All employees earn at least the minimum wage in Prince Edward Island. However, employers that provide boarding and lodging to their employees can deduct a certain amount per week from their employees’ paycheques. As of April 1, 2021, employers can deduct $49.50 per week for boarding, $27.50 per week for lodging, and $61.60 per week for both boarding and lodging. They can also deduct $4.25 per meal provided. 

Minimum Wage Nunavut

All employees earn at least the minimum wage in Nunavut. However, employers that provide boarding or lodging can deduct a certain amount from your pay. 

Minimum Wage Northwest Territories and Yukon

All employees earn at least the minimum wage in the Northwest Territories and Yukon. 

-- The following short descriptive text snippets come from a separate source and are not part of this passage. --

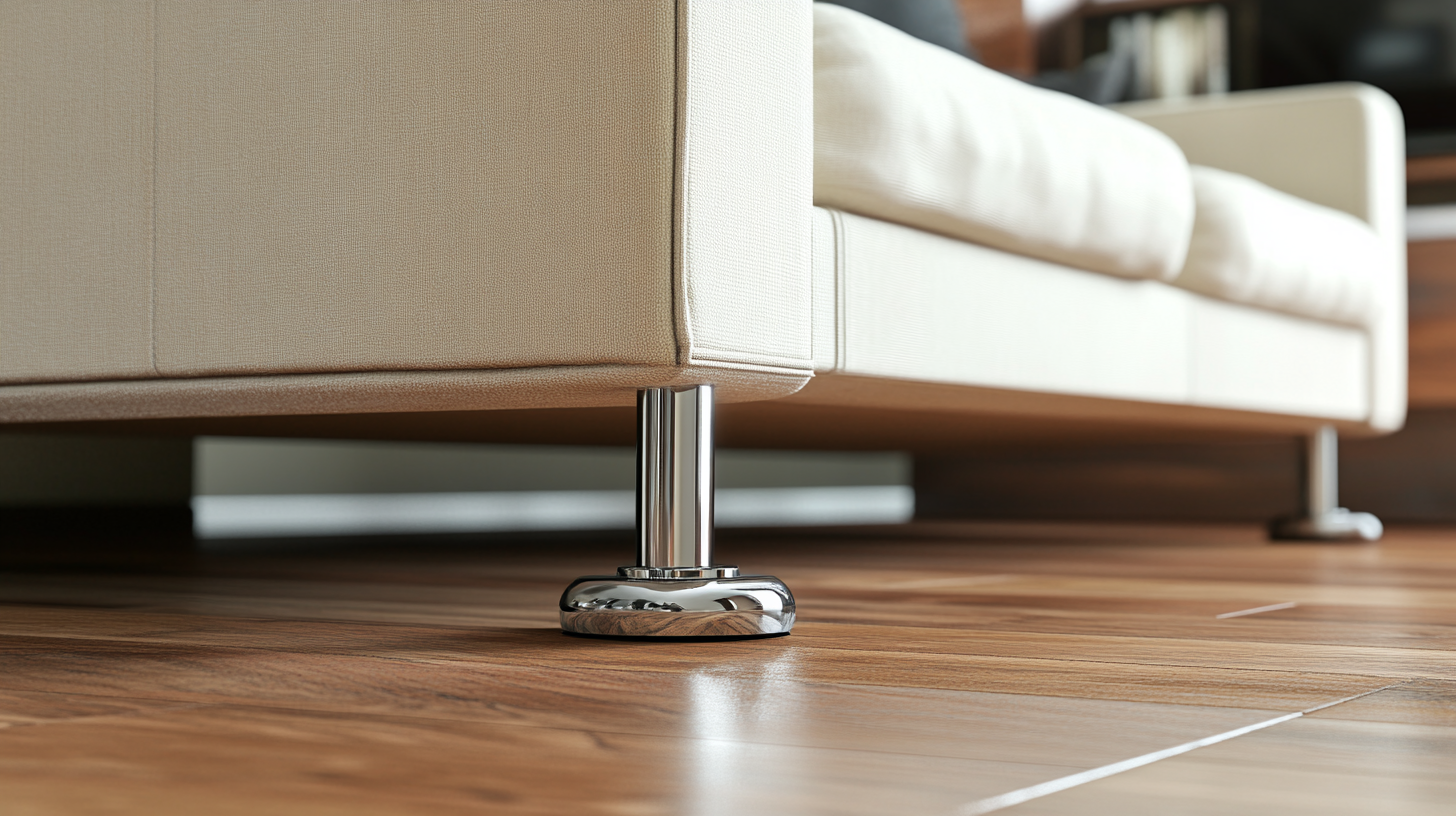 Understanding the Benefits and Features of Best Telescopic Furniture Leg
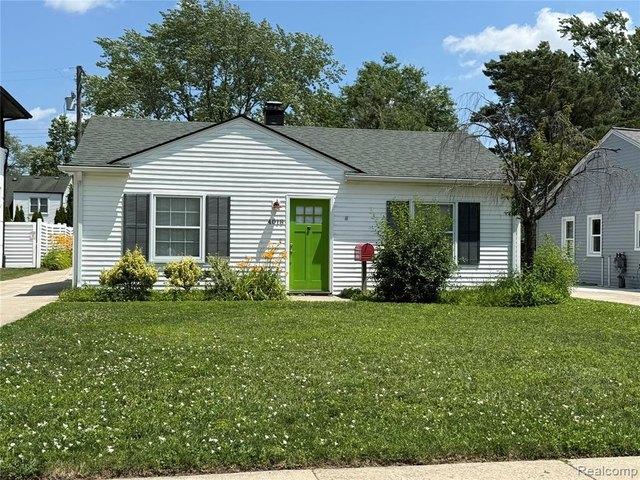 House for sale in Royal Oak, Michigan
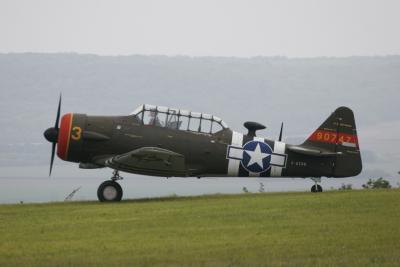 North American T6 Texan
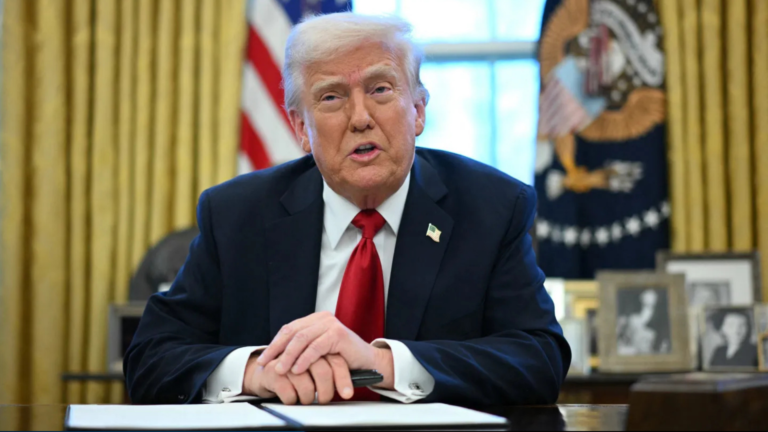 Trump Slaps 50% Tariffs on Canadian Goods, Triggering Economic and Political Shockwaves
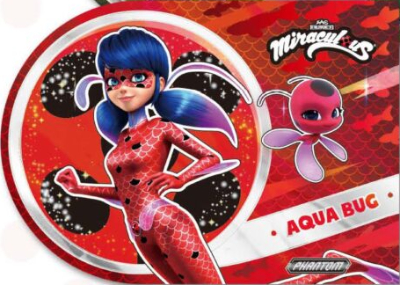 2026 Kakawow Phantom Miraculous Aqua Die-Cut Aqua Bug MOCK UP 2026 Kakawow Phantom Miraculous Aqua Die-Cut Aqua Bug MOCK UP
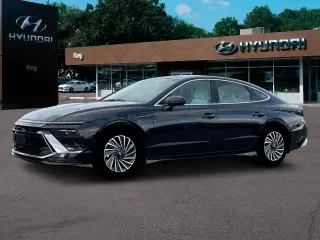 Hundai SONATA Híbrido 2025 Limited 4dr Sedán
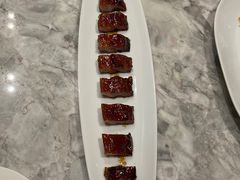 果木烤叉烧-广州文华东方酒店·江-由辉师傅主理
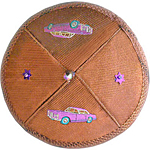 fun kippah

Income Deduction And Minimum Wage

Several costs besides those required by law (e.g. income tax) can be deducted from your paycheque, depending on the jurisdiction in which you work:

  • Board and lodging
  • Cost of tools
  • Cost of courses and training
  • Pay advances
  • Garnishments
  • Court-ordered maintenance payments

Keep in mind that some costs, such as uniforms required for work, cannot be deducted from your paycheque.

Bottom Line

Although there are exceptions, most employees paid by the hour are legally entitled to a minimum level of compensation in every province and territory in Canada. This minimum wage varies across Canada. Some costs can be taken off your paycheque, regardless of whether it puts your hourly pay under the minimum wage. Whether you can live on the minimum wage in Canada is up for debate, but it seems you can have the most basic standard of living in most places across Canada with the minimum wage.

Minimum Wage FAQs

Can an employer pay me less than minimum wage?

No, your employer cannot pay you less than the minimum wage in your province. However,  there are exceptions to the rule. 

Which province or territory has the highest minimum wage?

The Yukon has the highest minimum wage in Canada at $16.77 per hour.

Can you live off of minimum wage in Canada?

This question is highly debated. It depends on the area you live in. If you work 40 hours per week, you would earn less than the basic standard of living cost in most large cities like Vancouver and Toronto. You could get by in most other areas of the country, such as Winnipeg and almost anywhere in Quebec.